KÜSKÜNLERİ BARIŞTIRMAK
Yüce Rabbimizin kendi dinine isim olarak verdiği İslam kelimesinin bir anlamı da barıştır.
“Sen af yolunu tut, iyiliği emret ve bilgisizlerden yüz çevir ” ayeti ile ifade edilen affetme ve hoşgörü kavramı, İslam dininin temel esaslarından biridir. (A’raf Suresi 7/ 199)
Allah’a teslim olan müminlerin barış içerisinde yaşamaları ve küskünlük gibi davranışlardan da uzak durmaları, islama olan bağlılıklarından gelmektedir. Zira müminlerin İslam etrafında birleşmeleri, ilahi ilkeleri yaşamalarına bağlıdır. Onun için Ayet-i kerimede:
“Müminler ancak kardeştirler. Öyle ise kardeşlerinizin arasını düzeltin Allah’a karşı gelmekten sakının ki size merhamet edilsin buyrulmuştur. (Hucurat Suresi 49/ 10).
Merhamet, şefkat hoşgörü ve barışın yaşanabileceği tek yol, İslam kardeşliği yoludur. Kardeşliğimizi pekiştirip, yüreklerimizi birleştirmek suretiyle iş ve ibadetimizi kolayca yapmamız,sulhu salah içinde yaşamamızla mümkündür.
İnanç bakımından kardeş olan müminler arasındaki anlaşmazlıkların,barışla bitirilmesi, o çevrede bulunan müminler için dini bir sorumluluk sorumluluktur. Bu sorumluluğu her mümin yüreğinde hissetmelidir. Zira bizim dinimiz, bağışlayıcı olmayı, iyi davranışlarda bulunmayı, güzel söz söylemeyi ve barış içerisinde yardımlaşmayı emretmektedir.
Eğer biz mümin isek, bu emri kabul etmek zorundayız. Bir mümin, uçakla kuşlar gibi uçmayı, denizde balıklar gibi yüzmeyi, müzikte bülbüller gibi ötmeyi öğrendiği halde, İslam’ın kardeşliğe verdiği sevgi duygusunu öğrenemedi ise, vay onun haline.
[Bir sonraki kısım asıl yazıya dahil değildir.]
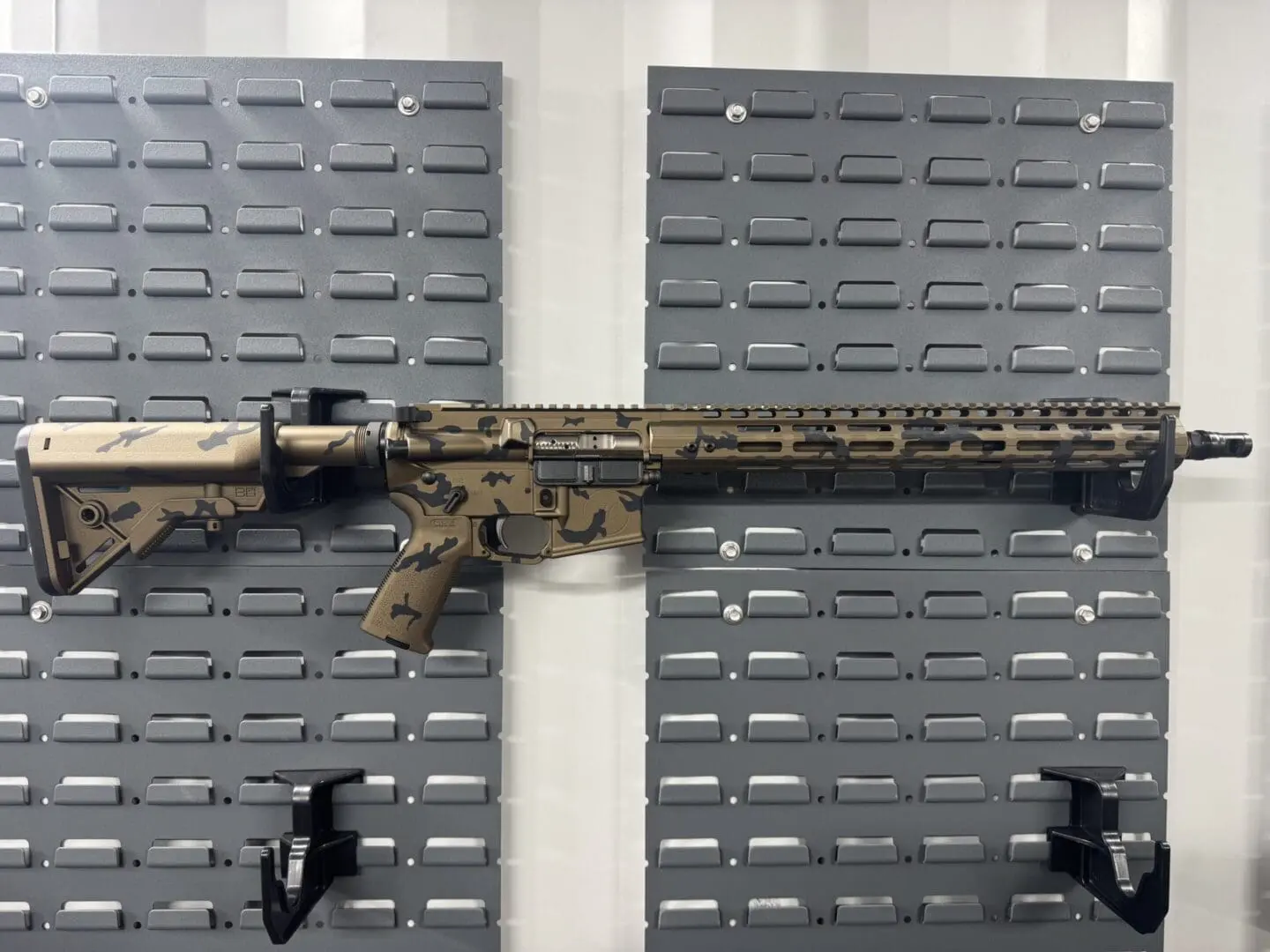 Tan camouflage AR rifle on gray display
Müminler birbirlerine karşı hata yapmış olabilirler. Ama o hatadan dolayı imanından gelen kardeşlik duygusunu asla silemezler. Çünkü o duyguyu müminin kalbine Yüce Rabbimiz yerleştirmiştir. Onun için barış duygusu, kalpte verilen hükümlerin en güzelidir.
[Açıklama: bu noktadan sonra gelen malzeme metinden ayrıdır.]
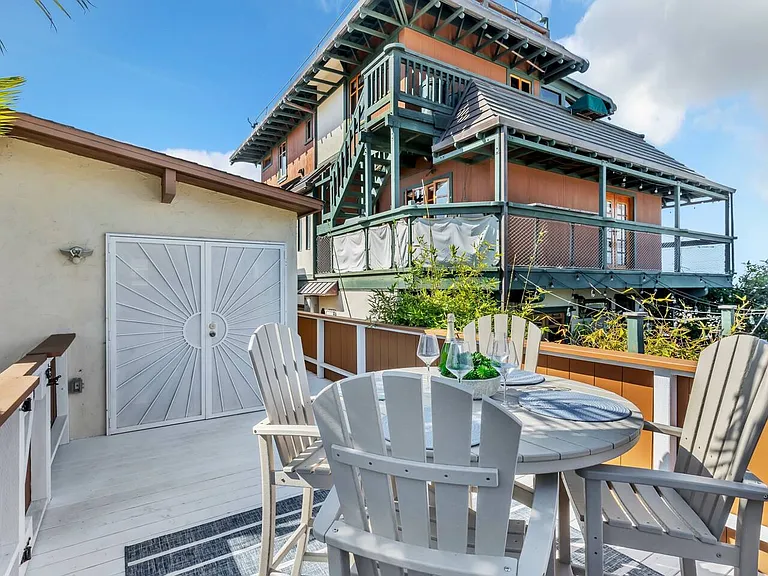 Second-floor terrace with comfortable outdoor seating and fantastic views. The perfect spot to unwind.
Sevgili peygamberimiz hadis-i şeriflerinde:
“Kin gütmeyin birbirinize haset etmeyin küsüp sırt çevirmeyin. Ey Allah’ın kulları kardeş olun! Bir Müslüman’ın din kardeşiyle üç günden fazla dargın durması helal değildir. Birbiriyle küsenler içinde en hayırlı olan, ilk defa selam verip barışandır.” Buyurmuştur. (Buhari edeb Müslim Bir, Tirmizi Bir)
Bunun devamı olan hadis-i şerifte ise,
“Küskünlerden biri selam verir, diğeride selamı alırsa, barışmanın sevabını birlikte kazanırlar. Almazsa günahı (almayana) yüklenir, selam veren günahtan kurtulur” buyrulmuştur. (Ebu Davud Edep)
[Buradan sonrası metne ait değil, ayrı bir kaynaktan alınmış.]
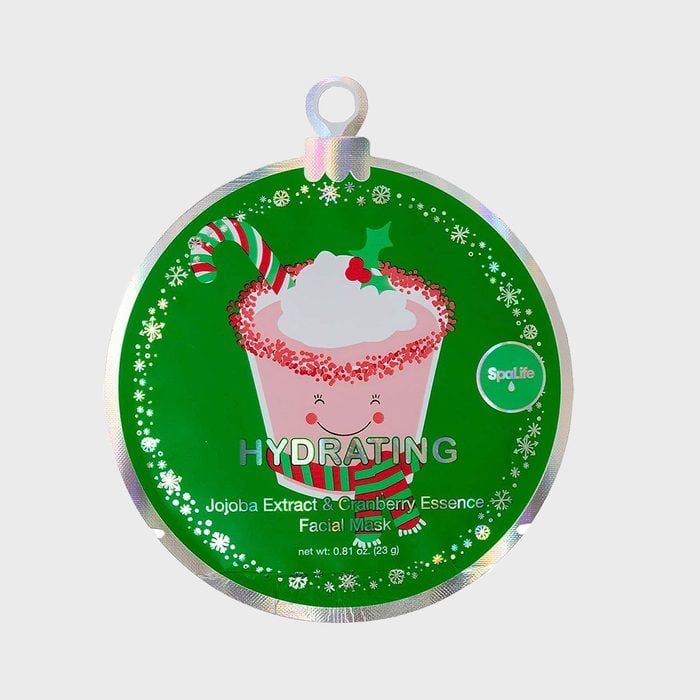 Facial mask package displaying smiling cup with candy cane, surrounded by festive decorations and text,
Küskünlerin barışması, İslam kardeşliğine, kaynaşmaya, yardımlaşmaya, muhabbet ve sevgiye vesile olacaktır. Kin ve düşmanlık ise, insanları cehenneme doğru sürükleyen çirkin yoldan başka bir şey değildir. Onun için Müminler birbirleriyle iyi geçinir, kimseye sıkıntı verecek davranışta bulunmaz, kalb kırmaz gönül incitmez, başkalarından gelecek eziyetlere de sabırla katlanırlar.